Last month, chemists in many states went on a day’s strike to protest against some proposed norm about the sale of antibiotics. Not many cared about it. The issue at hand, however, deserved more serious attention. It concerns the lives of one and all.
The grounds for chemists to shut down shop was the government’s reported move to check over-the-counter sale of antibiotics, and to make prescriptions compulsory for selling such drugs. The government ostensibly wants to control the menace of antibiotic resistance. And this it intends to do not only by making prescriptions compulsory, but by making it legally binding on chemists to keep a copy of the prescription too. This is what got the goat of chemists.
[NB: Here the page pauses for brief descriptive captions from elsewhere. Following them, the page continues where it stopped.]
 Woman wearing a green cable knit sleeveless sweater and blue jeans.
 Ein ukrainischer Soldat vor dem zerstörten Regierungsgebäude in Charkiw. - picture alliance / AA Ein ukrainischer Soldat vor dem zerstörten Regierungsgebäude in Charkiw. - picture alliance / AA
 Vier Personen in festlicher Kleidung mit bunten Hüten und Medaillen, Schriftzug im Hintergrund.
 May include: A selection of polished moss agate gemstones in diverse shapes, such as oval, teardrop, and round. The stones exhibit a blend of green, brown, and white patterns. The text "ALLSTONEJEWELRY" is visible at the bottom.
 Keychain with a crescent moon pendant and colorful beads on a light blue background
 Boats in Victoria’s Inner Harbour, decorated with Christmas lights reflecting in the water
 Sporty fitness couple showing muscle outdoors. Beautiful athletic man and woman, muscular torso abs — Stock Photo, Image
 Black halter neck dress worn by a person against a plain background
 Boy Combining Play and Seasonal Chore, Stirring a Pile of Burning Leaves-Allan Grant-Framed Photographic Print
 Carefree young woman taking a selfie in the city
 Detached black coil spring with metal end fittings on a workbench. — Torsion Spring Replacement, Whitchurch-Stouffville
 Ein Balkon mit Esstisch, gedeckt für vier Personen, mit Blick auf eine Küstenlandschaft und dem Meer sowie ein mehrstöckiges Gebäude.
The chemists, no saints themselves as anyone would know, have a reason to be irked. Going by the sheer volume of antibiotics that are prescribed in India (roughly two out of every three prescriptions include one or more antibiotics/antibacterials), it would be unmanageable in a matter of days for them to keep copies of prescriptions just to please the law. But then, the government has the knack for coming up with solutions that are not practical or feasible.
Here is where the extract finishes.